History, Seamanship, Dynamics, and Design

ST129,  Colby College   January 1995
MTWTh, 12:30-2:30, Lovejoy 208  Professor Leonard Reich
(207) 872-3535  e-mail: lsreich@colby.edu


History, Seamanship, Dynamics, and Design

"A small sailing craft is not only beautiful, it is seductive and full of
strange promise and the hint of trouble."  E.B. White, "The Sea and the
Wind that Blows"

"It's ironic that sailing craft seem at last to be approaching a whole new
plateau of devel-opment, now that they have lost all trace of material
usefulness."  Tony Gibbs, Advanced Sailing

"Nor was this sloop of mine purely an engineer's conceit. She was born of
song and sculp-ture, too. I could hear it in the hum of her rigging. I
could see it in the flare of her hull. She owed a debt to the epics of
Homer and the fugues of Bach.
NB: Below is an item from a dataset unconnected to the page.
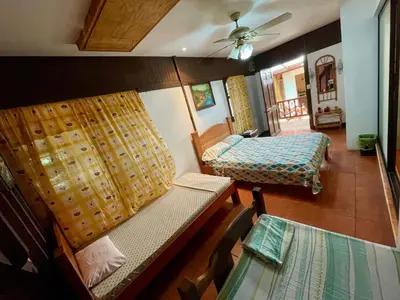 a living room with two beds and a table at Casona de Pani habitacion#3 in Liberia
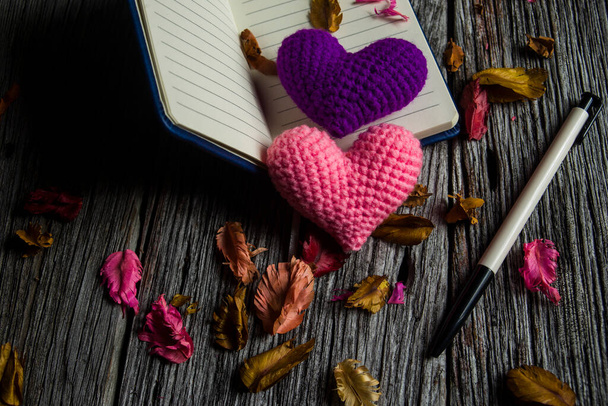 Coeur rose et coeur violet et carnet de notes avec stylo sur fond de vieux bois - Photo, image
She was an eloquent fusion of the war within
ourselves, the war which tears us apart, the ceaseless conflict between
science and art."  Richard Bode, First You Have to Row a Little Boat

"The motion of a sailboat properly tuned to her environment...I can only
describe as orchestral."  Steven Callahan, naval architect

"No matter how long you have been sailing or how much experience you have,
there is no end to the lessons sailing can hold for those who are open to
them."  Rod Stephens, Sailboat designer

"Go small.  Go simple.  Go now."  Lin and Larry Pardee, cruiser/authors

        The subtitle of this course describes its content.  We will
undertake to study the science, technology, craftsmanship, art, and
technique of sailing and sailboats.  Our purpose is also multifaceted: to
learn about the history of sail; about changing design, construction, and
use of sailboats; about how and why people go to sea, and what they learn
>from their experiences.  Our tools to achieve these purposes come from a
rich selection of readings, videos, and lectures, listed below.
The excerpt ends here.